**EXERCISE BRIEF**
Copy the following data exactly and drop the pictures.

**DATASET EXCERPT**

++++

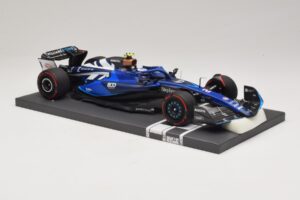 Williams Racing FW45 L. Sargeant British GP 2023 Minichamps 1:18 117231102 Żywica — zdjęcie 4 z 7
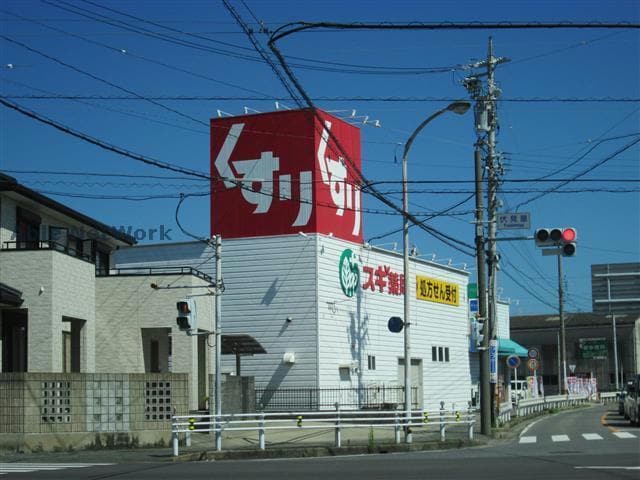 スギ薬局碧南伏見店(ドラッグストア)まで646m 名鉄三河線/碧南中央駅 徒歩22分 1階 築25年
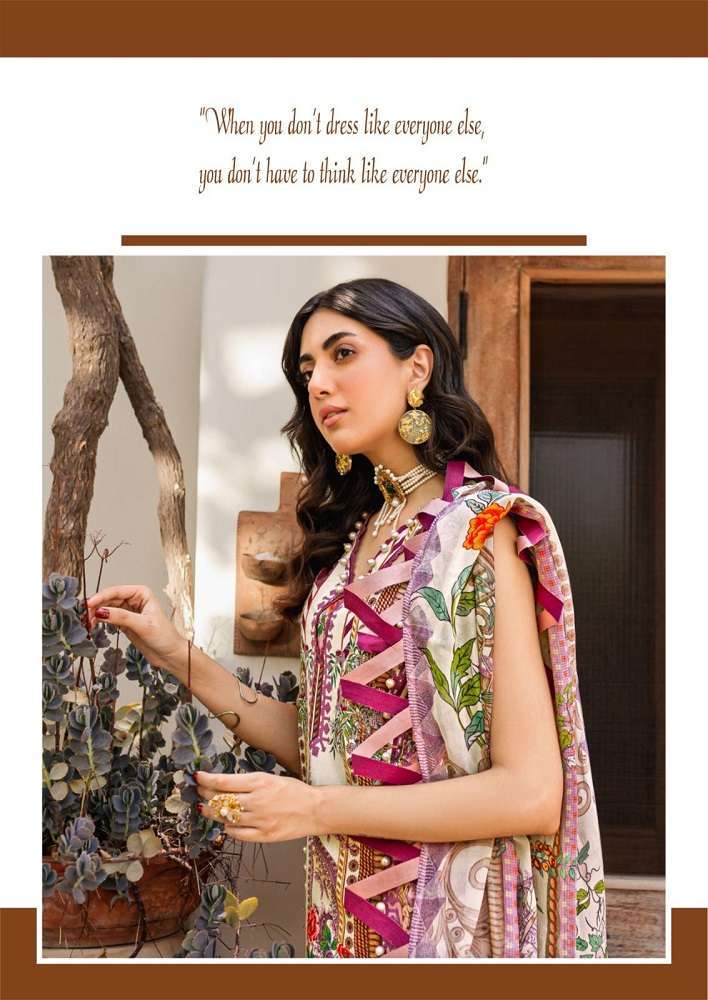 Gull Aahmed Lawn Collection Vol-18 -Surat wholesale dress material market address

++++

**WRITTEN ANSWER**
 Williams Racing FW45 L. Sargeant British GP 2023 Minichamps 1:18 117231102 Żywica — zdjęcie 4 z 7
 スギ薬局碧南伏見店(ドラッグストア)まで646m 名鉄三河線/碧南中央駅 徒歩22分 1階 築25年
 Gull Aahmed Lawn Collection Vol-18 -Surat wholesale dress material market address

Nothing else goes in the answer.